Friday, Jun. 02, 1961

New Air Chief

Nominated last week as the next Air Force Chief of Staff, after years of public and Pentagon wondering if he would ever make the grade: General Curtis Emerson LeMay, 54, a bulky (5 ft. 10 1/2 in., 185 lbs.), cigar-smoking Ohio State graduate* whose brusque personality and bluntly voiced military philosophy have often stirred more public notice than have his real and remarkable abilities.
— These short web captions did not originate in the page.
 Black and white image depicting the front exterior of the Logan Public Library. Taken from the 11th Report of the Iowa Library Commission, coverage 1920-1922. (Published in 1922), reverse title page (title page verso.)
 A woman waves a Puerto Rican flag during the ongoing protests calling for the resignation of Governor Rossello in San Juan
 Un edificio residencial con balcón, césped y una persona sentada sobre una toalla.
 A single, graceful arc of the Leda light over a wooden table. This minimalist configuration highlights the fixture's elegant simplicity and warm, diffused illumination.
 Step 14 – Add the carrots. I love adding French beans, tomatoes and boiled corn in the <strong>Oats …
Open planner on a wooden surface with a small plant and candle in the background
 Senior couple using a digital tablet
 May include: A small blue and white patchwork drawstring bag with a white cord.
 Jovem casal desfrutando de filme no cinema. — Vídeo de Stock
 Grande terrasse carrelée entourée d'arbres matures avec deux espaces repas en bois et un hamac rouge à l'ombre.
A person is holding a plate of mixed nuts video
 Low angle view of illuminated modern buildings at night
Curt LeMay is not much of a hand for chitchat. When his aides, in reporting, begin to stray from the subject at hand, Curt is certainly curt: "Stop, you're talking nonsense." Recently subjected to an interview by a Washington pundit who seemed more anxious to make speeches than to ask questions, LeMay interrupted: "If you know all the damned answers, then what are you doing here?" LeMay is as hard-boiled a disciplinarian as exists in the high command of the U.S. armed forces. But he is renowned for backing his men when they make understandable mistakes--so long as the same mistake is never made twice. Off duty, he carries long-range, single-side-band ham radio gear on trips, collects guns, drives a Mercedes 3005L and hunts big game.
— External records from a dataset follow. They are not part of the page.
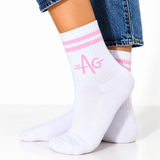 White crew socks with pink stripes and a pink 'THE AG' logo, worn on a person's feet with blue jeans visible at the top.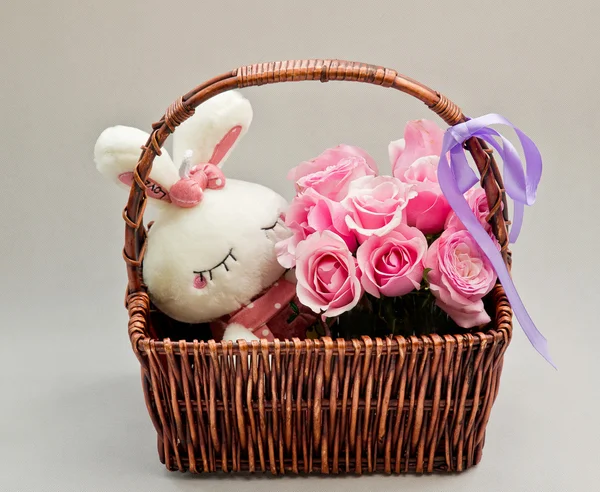 Pink roses in a basket and white rabbit toy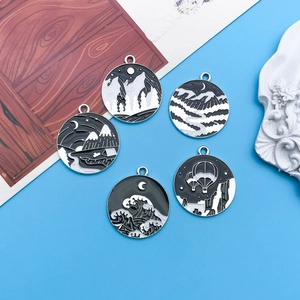 Set of five round black and white enamel pendants featuring nature landscapes and waves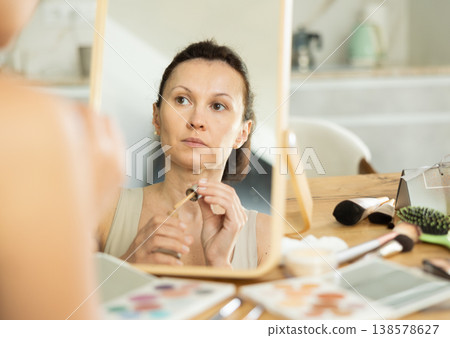 Woman applying cosmetic foundation on facial skin in front of mirror Woman applying cosmetic foundation on facial skin in front of mirror 138578627
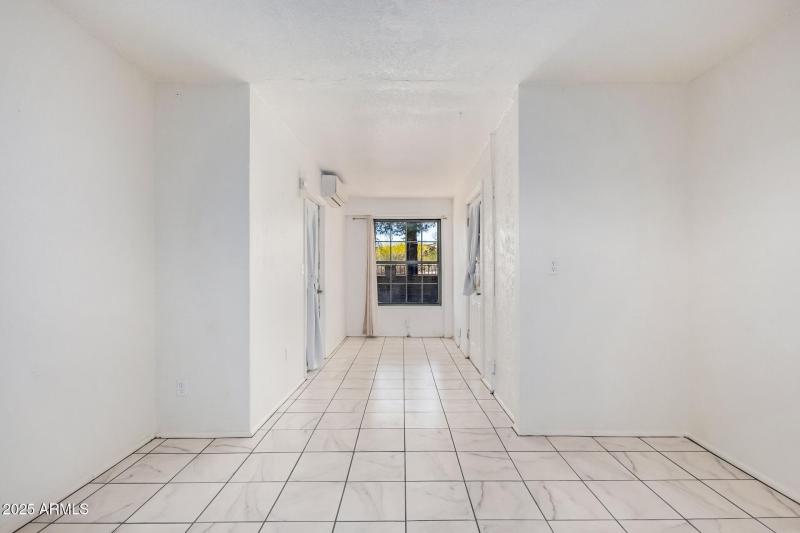 Bright Walkway With Backyard View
Grabbing the Controls. LeMay's military record is distinguished. (Among his many medals: the D.S.C., Silver Star, D.F.C.) He was, and is, a big-bomber man. At 37 he was one of the youngest two-star generals in World War II. He executed new and now classic bombing tactics with the B-17 group he directed from England against German targets. A bit later, he moved into the Far Eastern theater, risked his career by ordering his B-29 pilots to strike from the Marianas against Japanese cities at previously unheard-of low altitudes for the huge planes. In the first such raid, on March 10, 1945, 300 planes burned out 256,010 Tokyo buildings. LeMay then helped plan the world's first atomic destruction at Hiroshima and Nagasaki.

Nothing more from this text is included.